La nube está muy presente en nuestro día a día. Podemos alojar contenido y tenerlo siempre disponible, trabajar de forma remota y usar servicios alojados en la nube, etc. Sin embargo, el hecho de estar demasiado expuesto a esta tecnología, puede tener también ciertos riesgos. Vamos a hablarte de ello en este artículo. Vamos a explicarte qué problemas podrías tener si dependes demasiado.
El objetivo es que seas consciente de cuáles son los riesgos y así decidir si te conviene o no depender tanto de la nube en tu día a día. Siempre puedes hacer uso de alternativas, como es utilizar unidades físicas para tus copias de seguridad o usar aplicaciones y servicios que puedan funcionar offline.
Problemas de depender de la nube
Puedes hacer uso de plataformas muy variadas. Algunas de las más populares, si hablamos de almacenamiento, son Google Drive, Dropbox y OneDrive. Sin embargo, hay muchas más opciones que puedes usar en tu día a día.

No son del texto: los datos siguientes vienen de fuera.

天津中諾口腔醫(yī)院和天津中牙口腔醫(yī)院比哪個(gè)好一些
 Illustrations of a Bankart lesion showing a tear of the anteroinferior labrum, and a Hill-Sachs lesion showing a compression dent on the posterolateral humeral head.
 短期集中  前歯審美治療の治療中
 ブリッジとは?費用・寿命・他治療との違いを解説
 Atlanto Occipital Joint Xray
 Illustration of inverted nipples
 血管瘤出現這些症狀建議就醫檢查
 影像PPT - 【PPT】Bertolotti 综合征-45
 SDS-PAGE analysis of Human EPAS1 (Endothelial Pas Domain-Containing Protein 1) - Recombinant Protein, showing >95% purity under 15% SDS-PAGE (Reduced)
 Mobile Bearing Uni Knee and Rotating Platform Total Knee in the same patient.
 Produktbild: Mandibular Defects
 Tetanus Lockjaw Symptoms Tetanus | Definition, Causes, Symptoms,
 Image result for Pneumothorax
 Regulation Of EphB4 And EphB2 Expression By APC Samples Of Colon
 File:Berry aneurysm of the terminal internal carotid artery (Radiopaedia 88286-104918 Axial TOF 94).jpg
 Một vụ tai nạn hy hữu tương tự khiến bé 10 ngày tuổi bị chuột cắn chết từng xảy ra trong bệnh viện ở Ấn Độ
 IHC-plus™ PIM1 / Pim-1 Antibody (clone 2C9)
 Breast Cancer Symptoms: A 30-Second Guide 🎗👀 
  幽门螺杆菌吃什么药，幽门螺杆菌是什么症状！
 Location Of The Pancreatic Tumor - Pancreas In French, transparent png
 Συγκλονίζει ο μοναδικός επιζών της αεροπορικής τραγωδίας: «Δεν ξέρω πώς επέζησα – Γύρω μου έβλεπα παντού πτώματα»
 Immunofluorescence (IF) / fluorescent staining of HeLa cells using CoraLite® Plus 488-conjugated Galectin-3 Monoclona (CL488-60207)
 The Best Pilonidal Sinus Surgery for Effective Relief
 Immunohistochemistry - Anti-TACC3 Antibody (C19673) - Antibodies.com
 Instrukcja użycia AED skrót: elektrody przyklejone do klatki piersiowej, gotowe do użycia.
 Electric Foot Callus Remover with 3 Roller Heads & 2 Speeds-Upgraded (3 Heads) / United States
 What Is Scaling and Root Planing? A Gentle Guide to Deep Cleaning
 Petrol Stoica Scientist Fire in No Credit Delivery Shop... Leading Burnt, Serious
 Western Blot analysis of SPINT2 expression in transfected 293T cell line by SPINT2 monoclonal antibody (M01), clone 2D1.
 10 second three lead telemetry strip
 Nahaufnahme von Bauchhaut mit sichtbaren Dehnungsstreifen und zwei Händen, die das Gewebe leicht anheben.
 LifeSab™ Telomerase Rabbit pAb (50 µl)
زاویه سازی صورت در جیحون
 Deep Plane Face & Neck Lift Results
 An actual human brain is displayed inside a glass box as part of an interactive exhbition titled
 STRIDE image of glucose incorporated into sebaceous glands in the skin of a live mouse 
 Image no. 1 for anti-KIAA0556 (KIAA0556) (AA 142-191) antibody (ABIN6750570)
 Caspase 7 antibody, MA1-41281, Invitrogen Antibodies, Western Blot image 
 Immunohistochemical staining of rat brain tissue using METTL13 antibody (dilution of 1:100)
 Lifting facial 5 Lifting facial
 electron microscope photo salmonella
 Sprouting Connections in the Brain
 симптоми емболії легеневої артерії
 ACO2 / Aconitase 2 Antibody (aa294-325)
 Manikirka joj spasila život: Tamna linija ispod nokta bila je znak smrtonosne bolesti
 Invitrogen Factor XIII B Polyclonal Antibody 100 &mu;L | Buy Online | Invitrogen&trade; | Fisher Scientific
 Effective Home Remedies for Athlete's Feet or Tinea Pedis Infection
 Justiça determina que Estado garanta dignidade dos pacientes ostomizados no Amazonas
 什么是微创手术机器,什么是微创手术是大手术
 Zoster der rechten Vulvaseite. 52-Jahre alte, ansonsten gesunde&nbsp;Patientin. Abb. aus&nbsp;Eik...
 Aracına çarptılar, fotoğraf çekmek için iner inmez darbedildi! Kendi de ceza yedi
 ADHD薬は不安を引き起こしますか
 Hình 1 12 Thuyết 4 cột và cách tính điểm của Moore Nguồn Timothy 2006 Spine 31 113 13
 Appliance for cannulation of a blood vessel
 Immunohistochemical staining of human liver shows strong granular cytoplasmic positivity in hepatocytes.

Necesitas siempre Internet
La primera limitación, es que vas a necesitar siempre tener conexión a Internet. Si estás en una zona sin cobertura, si no puedes conectarte por cualquier motivo, no podrás usar esa plataforma de almacenamiento o acceder a las herramientas que tengas que utilizar para tu trabajo.
En cambio, si tienes todo almacenado en unidades físicas, no pasa nada si te quedas sin conexión. Podrás seguir trabajando con normalidad, acceder a tus archivos y a diferentes aplicaciones que vayas a utilizar.
Mayor exposición a ataques
También hay que hacer mención a una mayor exposición a ataques cibernéticos. Si estás permanentemente conectado a Internet, significa que podrías sufrir ataques de malware muy diversos. Podrían incluso atacar la cuenta que utilizas y perder el control de todo lo que has almacenado, al tener intrusos.
No obstante, siempre puedes tomar medidas para no tener problemas de seguridad. Por ejemplo, es clave usar contraseñas robustas, habilitar la autenticación en dos pasos y asegurarte de utilizar siempre servicios fiables.
Cambios en la plataforma que utilices
Además, estás expuesto a posibles cambios que pueda haber en esa plataforma que utilices. Podría dejar de ser gratuita, podría disminuir el espacio disponible o realizar modificaciones que afecten directamente a tu privacidad y seguridad.
Al usar aplicaciones que no dependan de la nube, o bien alojar tus archivos en unidades físicas, vas a estar menos expuesto a este problema. Simplemente, tendrás que revisar que utilizas justo lo que necesitas, sin riesgos a posibles cambios repentinos.
Posible pérdida de control de tus archivos
Por otra parte, los archivos que tengas almacenados en la nube podrían no formar parte de tu control. Cuando usas un servicio de almacenamiento como Google Drive o Dropbox, por ejemplo, estás utilizando servidores externos, que no dependen de tus equipos. Podría haber problemas puntuales.
Si quieres depender al 100% de tus archivos, podrías optar por usar servidores NAS y alojar ahí el contenido. En este caso, sí evitarías muchos riesgos.
En definitiva, usar servicios en la nube es algo bastante común hoy en día, pero es conveniente tener en cuenta los posibles riesgos que eso conlleva. Podrías tener problemas relacionados con la seguridad, pero también con la accesibilidad.